The Need for Thinking Hard
Lazy thinking is our default state—some might say it’s “natural” to let our monkey minds run rampant. While that’s more or less worked so far, the world has shifted from a need for physical fitness to a need for cognitive fitness. We no longer compete with large animals like saber-tooth tigers or endure unknown seas to discover new lands. Now we compete with manmade technology, be it highly efficient processes, sophisticated machines, or artificial intelligence, so we require more intellect, more “thinking hard,” to be effective.
Although thinking hard is a learnable skill, its fundamental cornerstone is concentration—of which we are in short supply.

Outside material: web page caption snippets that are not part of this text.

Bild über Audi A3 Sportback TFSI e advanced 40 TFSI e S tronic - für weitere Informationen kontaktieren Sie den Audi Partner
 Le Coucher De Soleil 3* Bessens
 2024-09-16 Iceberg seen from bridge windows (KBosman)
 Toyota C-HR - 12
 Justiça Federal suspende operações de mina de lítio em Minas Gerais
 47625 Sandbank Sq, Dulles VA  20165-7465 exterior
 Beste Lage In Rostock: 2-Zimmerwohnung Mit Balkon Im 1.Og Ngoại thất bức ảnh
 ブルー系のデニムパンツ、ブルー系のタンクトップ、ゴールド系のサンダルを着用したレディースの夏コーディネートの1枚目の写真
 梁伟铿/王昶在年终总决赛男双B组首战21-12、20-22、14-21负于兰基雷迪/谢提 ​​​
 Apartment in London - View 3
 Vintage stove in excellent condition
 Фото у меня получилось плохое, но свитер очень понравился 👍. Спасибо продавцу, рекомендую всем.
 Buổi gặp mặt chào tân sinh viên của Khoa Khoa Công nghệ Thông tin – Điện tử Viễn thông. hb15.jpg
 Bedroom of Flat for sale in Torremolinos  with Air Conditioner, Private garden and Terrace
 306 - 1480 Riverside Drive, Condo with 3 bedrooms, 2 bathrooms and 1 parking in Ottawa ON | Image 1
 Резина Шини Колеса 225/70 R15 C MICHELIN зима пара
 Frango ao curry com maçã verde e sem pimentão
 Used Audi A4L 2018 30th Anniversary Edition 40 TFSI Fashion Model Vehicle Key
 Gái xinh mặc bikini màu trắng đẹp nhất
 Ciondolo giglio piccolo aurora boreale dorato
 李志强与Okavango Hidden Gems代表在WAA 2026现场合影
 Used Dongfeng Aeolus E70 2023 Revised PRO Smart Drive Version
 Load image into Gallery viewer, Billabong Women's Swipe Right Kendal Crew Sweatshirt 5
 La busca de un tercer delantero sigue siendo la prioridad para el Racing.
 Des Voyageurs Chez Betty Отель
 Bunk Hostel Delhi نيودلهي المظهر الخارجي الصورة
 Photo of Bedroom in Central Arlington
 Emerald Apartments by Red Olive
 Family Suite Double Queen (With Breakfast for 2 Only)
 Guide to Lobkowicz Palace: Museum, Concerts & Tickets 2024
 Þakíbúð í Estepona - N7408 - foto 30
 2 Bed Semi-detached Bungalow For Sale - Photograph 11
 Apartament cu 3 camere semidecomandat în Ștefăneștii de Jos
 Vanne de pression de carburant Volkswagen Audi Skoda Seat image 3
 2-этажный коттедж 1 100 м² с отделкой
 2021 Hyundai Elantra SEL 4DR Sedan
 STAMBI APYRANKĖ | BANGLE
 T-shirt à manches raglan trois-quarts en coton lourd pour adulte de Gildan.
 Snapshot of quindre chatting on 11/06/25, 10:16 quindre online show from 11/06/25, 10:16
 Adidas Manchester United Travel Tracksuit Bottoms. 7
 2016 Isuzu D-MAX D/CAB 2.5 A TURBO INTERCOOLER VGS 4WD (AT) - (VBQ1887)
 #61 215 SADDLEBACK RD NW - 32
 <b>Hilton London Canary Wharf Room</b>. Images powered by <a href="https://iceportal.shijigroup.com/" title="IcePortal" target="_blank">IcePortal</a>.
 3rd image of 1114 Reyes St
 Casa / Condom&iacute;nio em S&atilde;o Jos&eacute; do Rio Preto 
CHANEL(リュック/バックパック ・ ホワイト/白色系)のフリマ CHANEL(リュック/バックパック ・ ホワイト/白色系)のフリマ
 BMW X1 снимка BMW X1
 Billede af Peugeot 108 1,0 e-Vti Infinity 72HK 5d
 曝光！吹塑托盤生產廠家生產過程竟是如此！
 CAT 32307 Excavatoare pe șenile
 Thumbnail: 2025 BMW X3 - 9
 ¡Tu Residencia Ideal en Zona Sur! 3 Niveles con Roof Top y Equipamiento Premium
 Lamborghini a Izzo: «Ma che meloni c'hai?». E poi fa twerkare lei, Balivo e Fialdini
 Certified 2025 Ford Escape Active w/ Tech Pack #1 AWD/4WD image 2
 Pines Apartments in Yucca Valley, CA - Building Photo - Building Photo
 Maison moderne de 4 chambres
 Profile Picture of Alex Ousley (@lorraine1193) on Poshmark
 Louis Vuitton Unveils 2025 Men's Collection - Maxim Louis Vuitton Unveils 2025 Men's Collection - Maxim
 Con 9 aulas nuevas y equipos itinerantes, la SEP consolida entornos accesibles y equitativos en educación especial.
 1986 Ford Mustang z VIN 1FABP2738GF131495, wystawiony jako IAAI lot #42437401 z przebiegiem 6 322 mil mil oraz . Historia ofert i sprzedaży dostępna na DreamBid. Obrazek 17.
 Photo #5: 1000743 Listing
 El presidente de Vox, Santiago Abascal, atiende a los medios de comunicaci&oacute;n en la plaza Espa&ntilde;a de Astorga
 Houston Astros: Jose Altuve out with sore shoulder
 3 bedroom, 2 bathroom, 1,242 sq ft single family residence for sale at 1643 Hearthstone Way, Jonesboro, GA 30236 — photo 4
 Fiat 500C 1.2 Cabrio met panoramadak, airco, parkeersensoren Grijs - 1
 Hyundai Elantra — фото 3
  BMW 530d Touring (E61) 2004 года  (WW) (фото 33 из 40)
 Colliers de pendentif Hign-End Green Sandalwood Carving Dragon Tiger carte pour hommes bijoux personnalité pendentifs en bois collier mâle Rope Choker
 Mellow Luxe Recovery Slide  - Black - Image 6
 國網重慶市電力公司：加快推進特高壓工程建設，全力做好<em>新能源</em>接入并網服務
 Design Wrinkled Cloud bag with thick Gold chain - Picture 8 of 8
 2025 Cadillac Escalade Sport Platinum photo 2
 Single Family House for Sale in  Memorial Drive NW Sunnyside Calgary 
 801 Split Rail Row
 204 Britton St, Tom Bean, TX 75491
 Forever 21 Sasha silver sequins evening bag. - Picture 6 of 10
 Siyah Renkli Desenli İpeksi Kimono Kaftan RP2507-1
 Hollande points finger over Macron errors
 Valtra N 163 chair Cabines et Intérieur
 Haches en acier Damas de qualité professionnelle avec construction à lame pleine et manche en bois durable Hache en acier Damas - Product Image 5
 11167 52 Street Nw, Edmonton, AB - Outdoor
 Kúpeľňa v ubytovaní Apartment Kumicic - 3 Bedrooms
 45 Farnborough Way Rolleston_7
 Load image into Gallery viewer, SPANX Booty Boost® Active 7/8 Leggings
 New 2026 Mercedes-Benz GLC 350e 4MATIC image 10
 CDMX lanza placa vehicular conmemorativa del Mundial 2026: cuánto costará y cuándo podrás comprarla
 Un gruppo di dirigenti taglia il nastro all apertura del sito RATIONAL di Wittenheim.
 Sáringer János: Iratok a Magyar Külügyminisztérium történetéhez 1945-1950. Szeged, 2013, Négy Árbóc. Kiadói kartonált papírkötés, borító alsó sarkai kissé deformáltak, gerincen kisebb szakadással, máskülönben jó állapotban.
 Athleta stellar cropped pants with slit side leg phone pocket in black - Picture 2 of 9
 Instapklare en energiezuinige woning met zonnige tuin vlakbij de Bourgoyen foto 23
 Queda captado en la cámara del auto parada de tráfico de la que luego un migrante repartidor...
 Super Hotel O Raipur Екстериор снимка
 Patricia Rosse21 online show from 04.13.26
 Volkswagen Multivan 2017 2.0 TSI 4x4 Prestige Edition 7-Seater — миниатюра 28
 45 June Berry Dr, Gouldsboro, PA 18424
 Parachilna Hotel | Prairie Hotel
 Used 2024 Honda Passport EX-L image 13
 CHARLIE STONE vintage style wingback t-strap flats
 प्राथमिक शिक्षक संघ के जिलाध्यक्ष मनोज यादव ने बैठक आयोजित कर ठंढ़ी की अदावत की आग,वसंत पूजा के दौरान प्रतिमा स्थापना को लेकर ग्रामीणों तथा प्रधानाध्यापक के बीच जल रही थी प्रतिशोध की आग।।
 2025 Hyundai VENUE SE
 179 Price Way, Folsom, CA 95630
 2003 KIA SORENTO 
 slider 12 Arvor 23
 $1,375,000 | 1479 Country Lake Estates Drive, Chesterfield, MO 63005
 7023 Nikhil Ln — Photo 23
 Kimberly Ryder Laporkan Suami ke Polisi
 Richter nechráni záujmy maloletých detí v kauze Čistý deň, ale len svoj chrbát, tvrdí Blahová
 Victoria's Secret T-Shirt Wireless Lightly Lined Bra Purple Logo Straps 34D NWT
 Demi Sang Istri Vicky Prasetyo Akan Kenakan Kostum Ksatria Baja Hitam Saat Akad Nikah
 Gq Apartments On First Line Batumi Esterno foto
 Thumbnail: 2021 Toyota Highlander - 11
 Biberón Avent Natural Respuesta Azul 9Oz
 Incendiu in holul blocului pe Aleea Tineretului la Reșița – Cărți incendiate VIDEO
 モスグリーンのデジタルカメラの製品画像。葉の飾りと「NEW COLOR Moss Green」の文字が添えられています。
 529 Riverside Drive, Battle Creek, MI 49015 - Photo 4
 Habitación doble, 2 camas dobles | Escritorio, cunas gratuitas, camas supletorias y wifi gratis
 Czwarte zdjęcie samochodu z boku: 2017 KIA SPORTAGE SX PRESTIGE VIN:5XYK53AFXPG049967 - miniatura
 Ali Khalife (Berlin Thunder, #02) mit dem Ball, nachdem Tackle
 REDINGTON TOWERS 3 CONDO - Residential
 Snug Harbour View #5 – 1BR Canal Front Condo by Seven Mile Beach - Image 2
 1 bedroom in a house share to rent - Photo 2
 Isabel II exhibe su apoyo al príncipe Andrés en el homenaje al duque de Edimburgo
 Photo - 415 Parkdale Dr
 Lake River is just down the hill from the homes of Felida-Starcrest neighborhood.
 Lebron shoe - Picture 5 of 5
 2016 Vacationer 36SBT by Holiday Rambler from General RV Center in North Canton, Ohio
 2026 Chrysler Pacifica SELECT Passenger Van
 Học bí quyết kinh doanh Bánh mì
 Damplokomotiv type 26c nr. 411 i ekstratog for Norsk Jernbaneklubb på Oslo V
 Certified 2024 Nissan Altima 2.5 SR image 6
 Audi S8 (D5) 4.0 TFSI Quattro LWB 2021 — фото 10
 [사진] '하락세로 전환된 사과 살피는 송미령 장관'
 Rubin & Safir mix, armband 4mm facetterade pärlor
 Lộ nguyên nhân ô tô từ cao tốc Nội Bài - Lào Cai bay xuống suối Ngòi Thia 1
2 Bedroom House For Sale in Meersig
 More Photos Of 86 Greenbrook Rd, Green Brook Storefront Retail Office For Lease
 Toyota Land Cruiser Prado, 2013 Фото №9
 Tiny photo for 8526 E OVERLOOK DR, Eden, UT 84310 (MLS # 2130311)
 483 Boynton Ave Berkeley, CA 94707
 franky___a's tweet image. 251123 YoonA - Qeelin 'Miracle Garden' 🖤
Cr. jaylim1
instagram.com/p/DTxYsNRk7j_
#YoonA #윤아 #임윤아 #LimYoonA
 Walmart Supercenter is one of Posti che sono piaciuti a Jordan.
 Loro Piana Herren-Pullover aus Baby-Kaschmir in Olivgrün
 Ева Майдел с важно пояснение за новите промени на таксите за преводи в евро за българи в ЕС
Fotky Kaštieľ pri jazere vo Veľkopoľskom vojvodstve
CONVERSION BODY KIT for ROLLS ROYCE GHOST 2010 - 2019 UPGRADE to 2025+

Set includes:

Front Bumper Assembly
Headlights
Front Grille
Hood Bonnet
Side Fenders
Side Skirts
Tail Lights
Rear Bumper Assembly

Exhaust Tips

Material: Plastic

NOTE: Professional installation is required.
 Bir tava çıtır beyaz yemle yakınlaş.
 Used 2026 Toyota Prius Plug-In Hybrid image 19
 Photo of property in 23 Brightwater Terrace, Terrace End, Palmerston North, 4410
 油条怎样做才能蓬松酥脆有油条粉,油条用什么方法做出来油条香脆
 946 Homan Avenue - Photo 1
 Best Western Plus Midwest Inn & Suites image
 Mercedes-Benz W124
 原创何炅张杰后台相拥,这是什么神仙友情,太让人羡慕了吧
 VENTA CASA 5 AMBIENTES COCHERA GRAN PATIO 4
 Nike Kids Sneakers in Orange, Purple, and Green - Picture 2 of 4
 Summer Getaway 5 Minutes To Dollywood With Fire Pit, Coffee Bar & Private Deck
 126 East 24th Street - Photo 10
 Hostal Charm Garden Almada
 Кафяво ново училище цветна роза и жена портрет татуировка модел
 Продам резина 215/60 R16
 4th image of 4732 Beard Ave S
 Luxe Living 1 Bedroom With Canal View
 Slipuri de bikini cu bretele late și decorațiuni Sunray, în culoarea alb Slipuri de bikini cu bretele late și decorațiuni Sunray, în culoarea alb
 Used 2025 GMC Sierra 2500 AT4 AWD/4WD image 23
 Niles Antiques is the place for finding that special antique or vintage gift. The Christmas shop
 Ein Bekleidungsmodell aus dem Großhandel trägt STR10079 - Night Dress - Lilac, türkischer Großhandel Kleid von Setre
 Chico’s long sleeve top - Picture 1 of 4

Many believe that concentration is going extinct. 51% of UK adults believe the results of a controversial study from Microsoft in 2015, claiming that adult attention spans are around eight seconds. While the Microsoft study hasn’t been peer-reviewed or replicated, the perception remains that social media, pervasive smartphone access, and Big Tech’s “attention economy” create an environment unsuitable for sustained focus. Whether or not these factors—or other factors beyond our control—have atrophied our concentration, we don’t have to accept our weak state.
We can get off our cognitive couches and cultivate the ability to concentrate.
Developing Cognitive Fitness
When cognitively fit, we can work more efficiently to create time for the things we enjoy. We can reduce anxiety because we’re not victims of an untrained monkey mind. We can gain self-confidence as we learn to direct our mental energy to things we choose rather than things that are thrust upon us.
If 30 minutes of running can improve our cardio, could 30 minutes of reading improve our focus?
A Cognitive Fitness Routine
Here’s a “cognitive fitness routine” I’ve been following to strengthen my concentration muscles:
- Pick a Concentration Habit. Like physical exercise, pick something that interests you and requires focus—such as reading or meditation. Do this activity every day.
- Start Stupidly Small. If your attention span is only eight seconds long (I don’t know how you’d read this far if so), make your habit five minutes per day to establish your base.
- Ramp Up Slowly. Each week, extend your period of focus. During week two, move to ten minutes per day. The following week, fifteen. Then thirty.
- Take Breaks. Like resting between reps, take breaks between periods of focus. Consider the Pomodoro Method to timebox your concentration bouts.
- Low Info Diet. No workout routine lets you eat with abandon since a poor diet will sabotage any fitness effort. If junk food’s in the house, you’ll eat it. If “junk media” is on your phone, you’ll binge it. I set usage timers on social media so I don’t doom-scroll for more than fifteen minutes daily.
Do this for a while, and your ability to concentrate—your ability to think hard—begins to grow.
Like any fitness regimen, maintenance is critical. It’s okay to splurge occasionally but stay committed to your cognitive fitness routine to keep those concentration muscles big, strong, and shiny.